··· The records

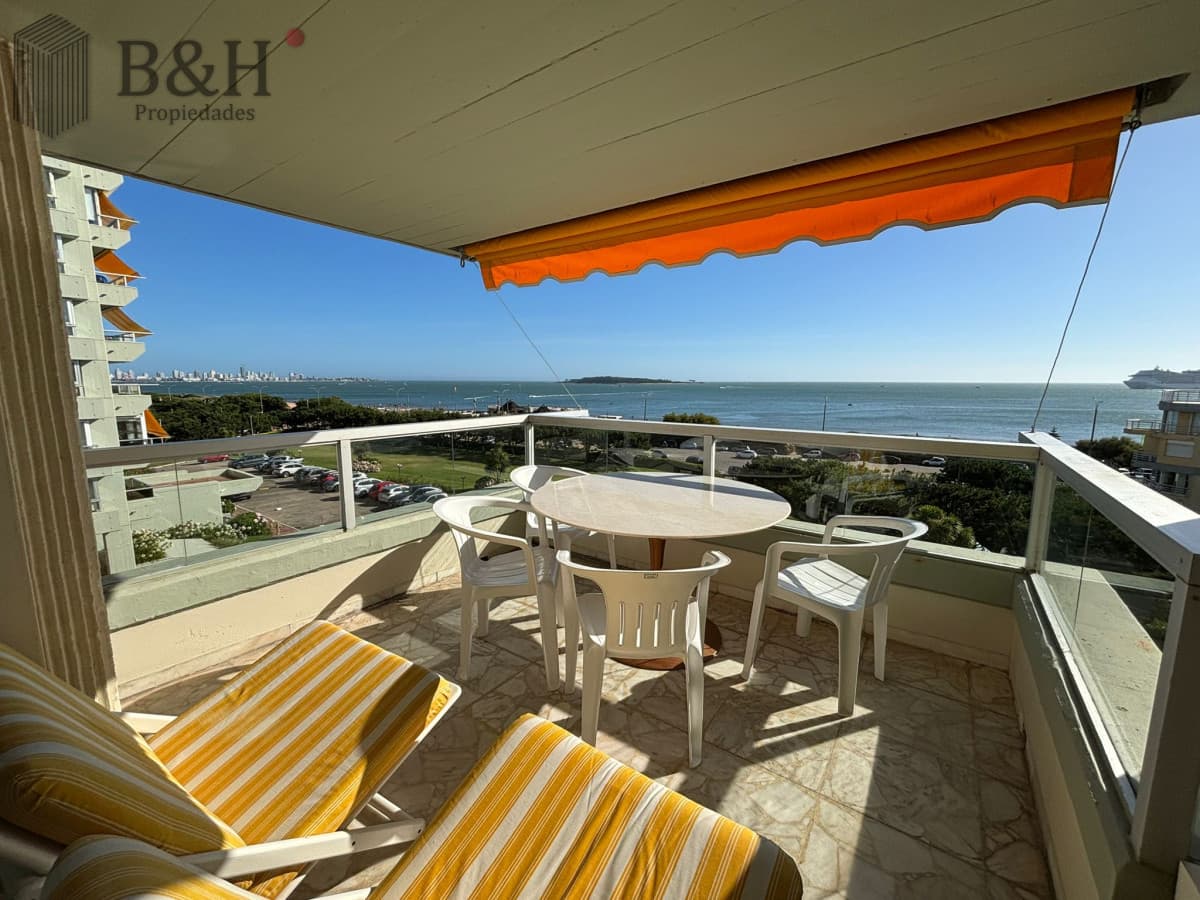 Apartamento en alquiler temporal, de 3 dormitorios, en playa mansa.
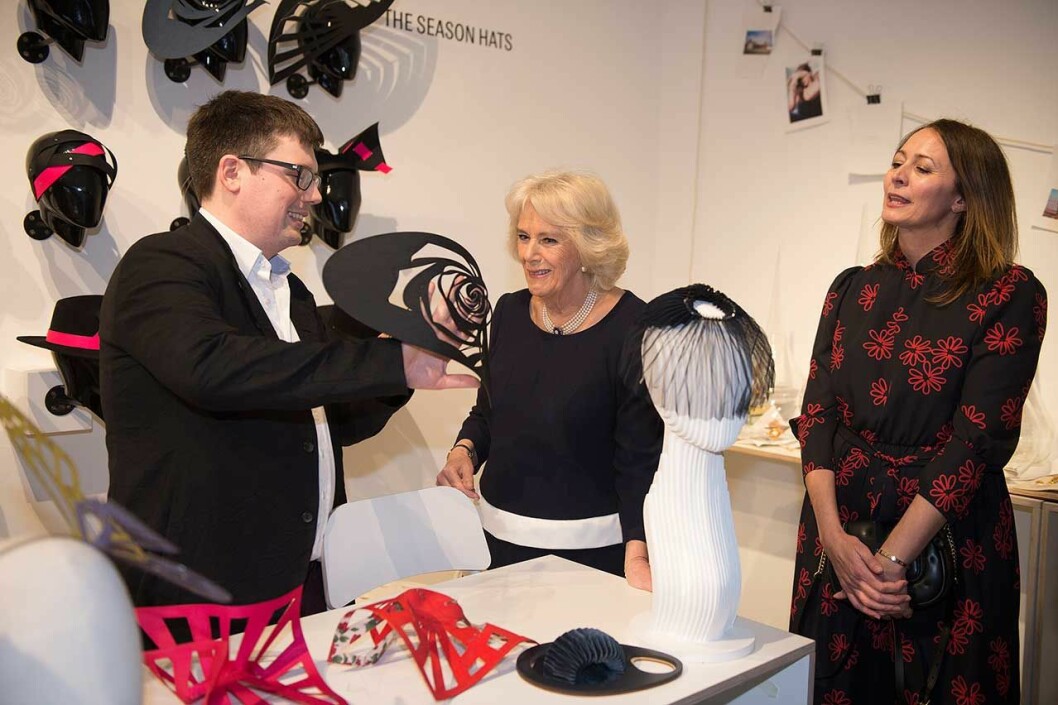 camilla och hattar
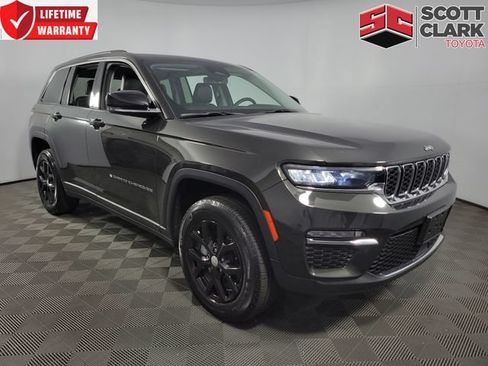 Used 2023 Jeep Grand Cherokee Limited AWD/4WD image 1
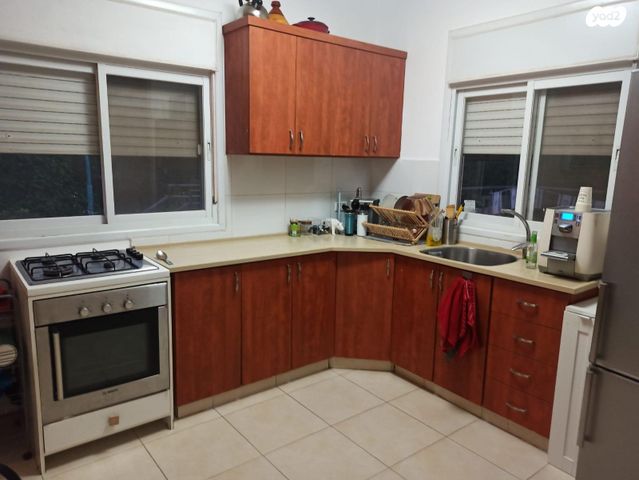 דירה, ענבר 12, נעלה, נעלה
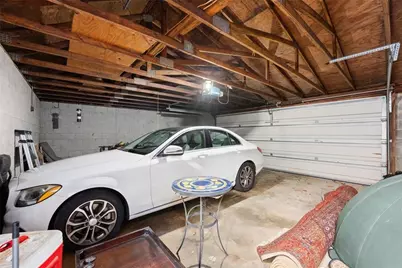 2091 Bohler Road NW, Atlanta, GA 30318 - Photo 32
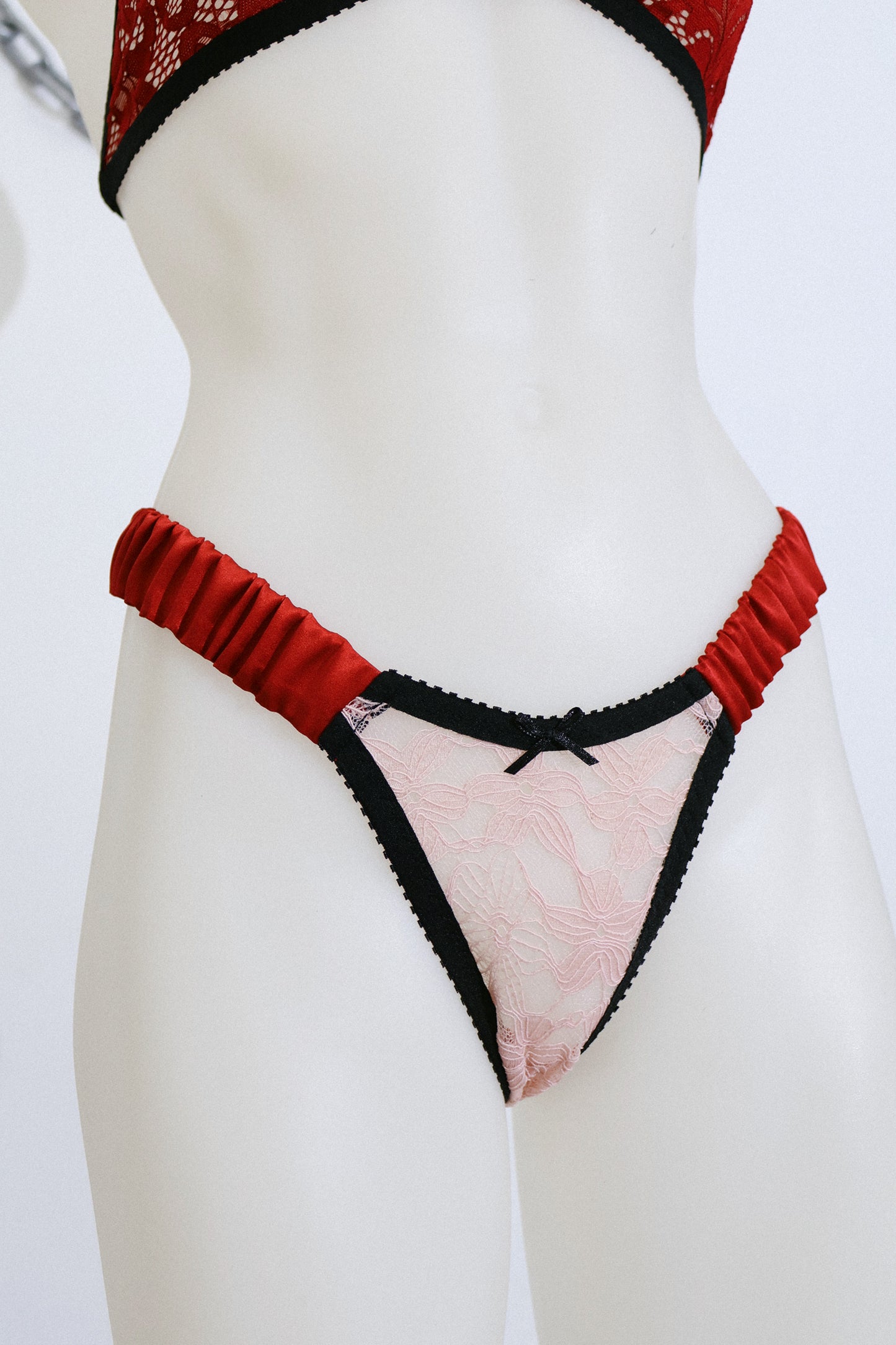 Scrunch Side Thong Pink Lace and Red Silk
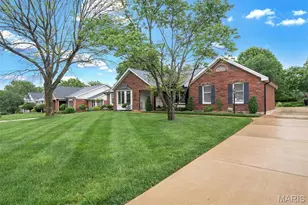 12120 Westwick Pl, Saint Louis, MO 63127 - Photo 3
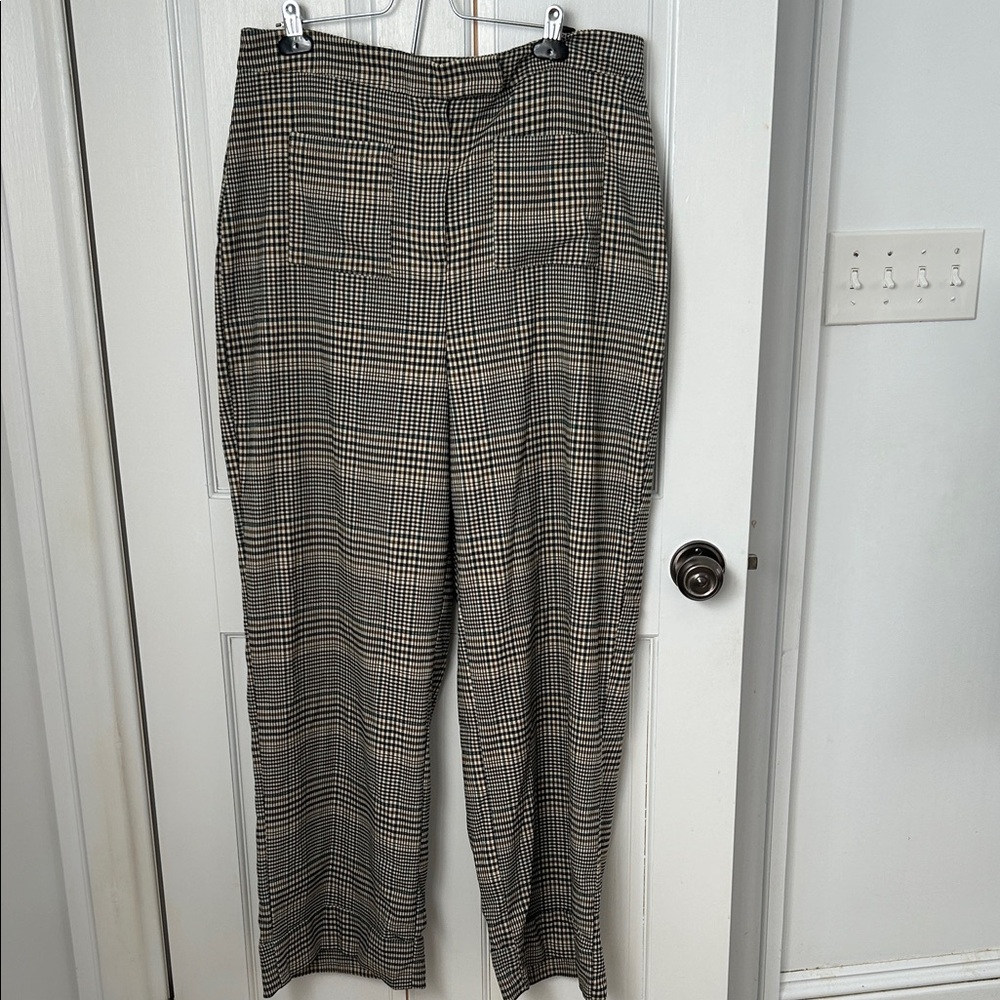 Women’s Checkered Dress Pants in Black and Tan
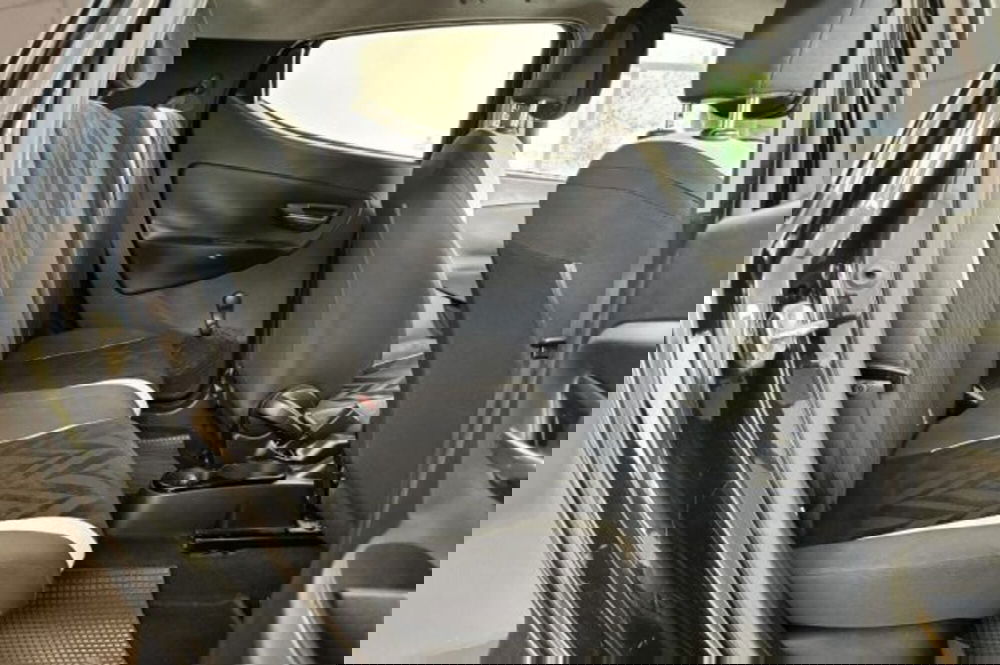 Lancia Ypsilon usata a Latina (11)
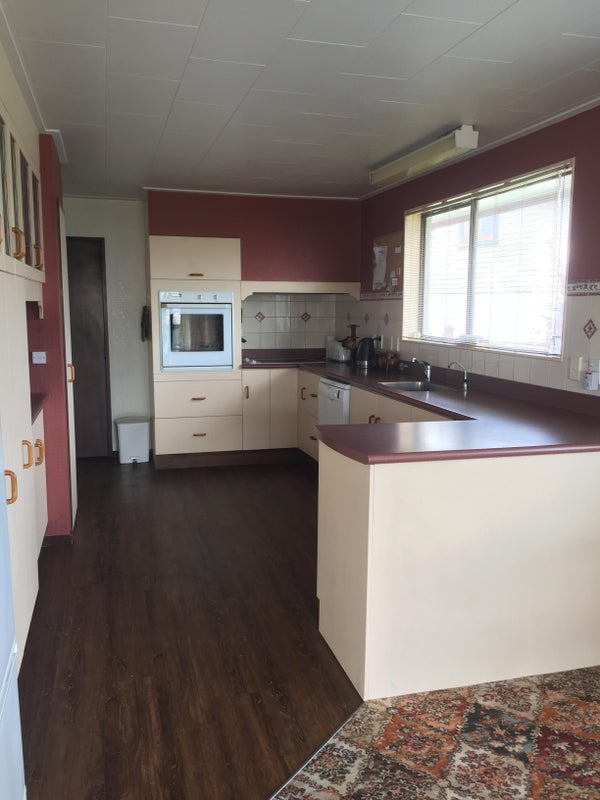 67 Wakefield Street, Westport, Westport - Carousel 2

······

Task directions:
In the records above, locate the line containing "דירה, ענבר 12, נעלה, נעלה", then copy exactly that line and every line after it through the end, omitting pictures.

Answer section:
 דירה, ענבר 12, נעלה, נעלה
 2091 Bohler Road NW, Atlanta, GA 30318 - Photo 32
 Scrunch Side Thong Pink Lace and Red Silk
 12120 Westwick Pl, Saint Louis, MO 63127 - Photo 3
 Women’s Checkered Dress Pants in Black and Tan
 Lancia Ypsilon usata a Latina (11)
 67 Wakefield Street, Westport, Westport - Carousel 2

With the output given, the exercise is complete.